- [PROVIDED INFORMATION]
---+---

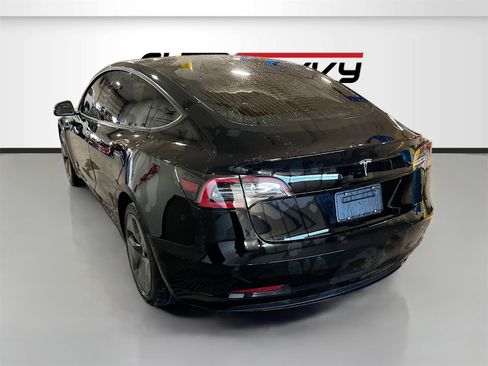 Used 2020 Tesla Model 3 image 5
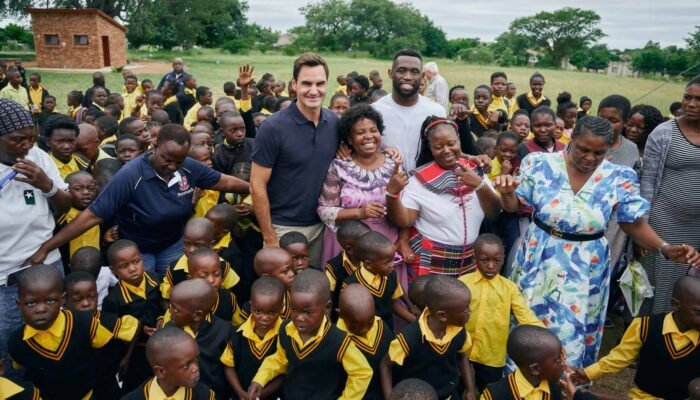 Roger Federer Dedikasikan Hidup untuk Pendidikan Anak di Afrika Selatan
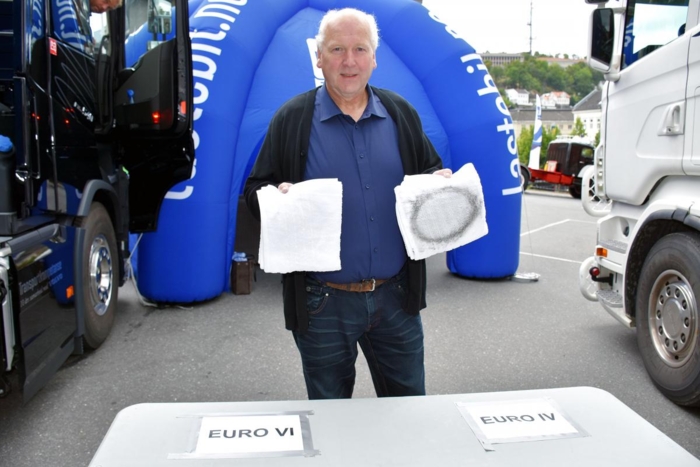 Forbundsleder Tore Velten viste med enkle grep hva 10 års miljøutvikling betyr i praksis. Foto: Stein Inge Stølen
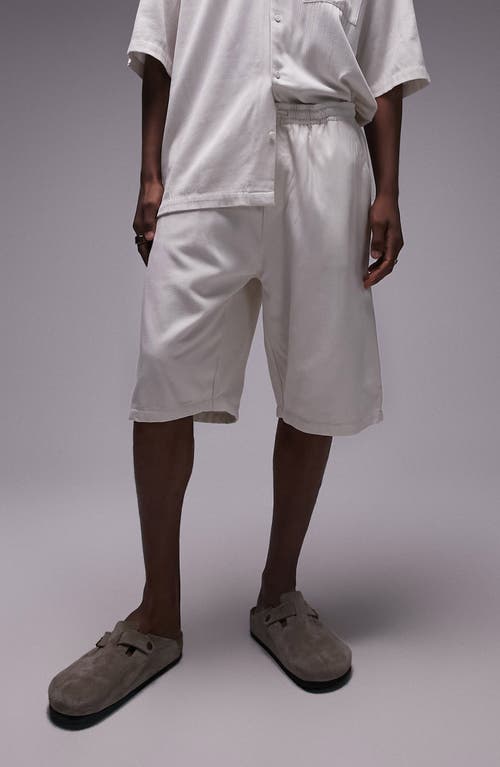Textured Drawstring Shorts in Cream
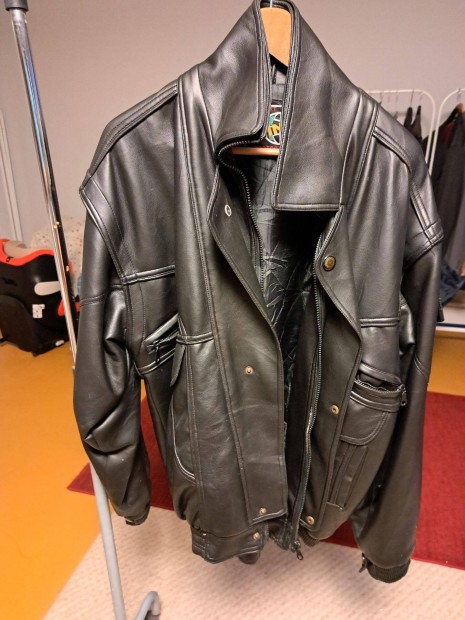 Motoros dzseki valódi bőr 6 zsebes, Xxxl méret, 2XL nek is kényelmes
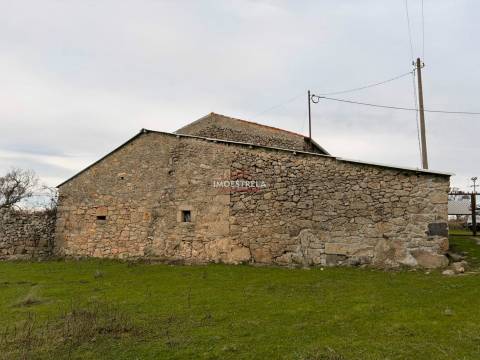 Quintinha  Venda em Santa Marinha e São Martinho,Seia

---+---

- [GOAL OF THE EXERCISE]
Please give back all the records above word for word, with no pictures included.

- [YOUR SOLUTION]
 Used 2020 Tesla Model 3 image 5
 Roger Federer Dedikasikan Hidup untuk Pendidikan Anak di Afrika Selatan
 Forbundsleder Tore Velten viste med enkle grep hva 10 års miljøutvikling betyr i praksis. Foto: Stein Inge Stølen
Textured Drawstring Shorts in Cream
 Motoros dzseki valódi bőr 6 zsebes, Xxxl méret, 2XL nek is kényelmes
 Quintinha  Venda em Santa Marinha e São Martinho,Seia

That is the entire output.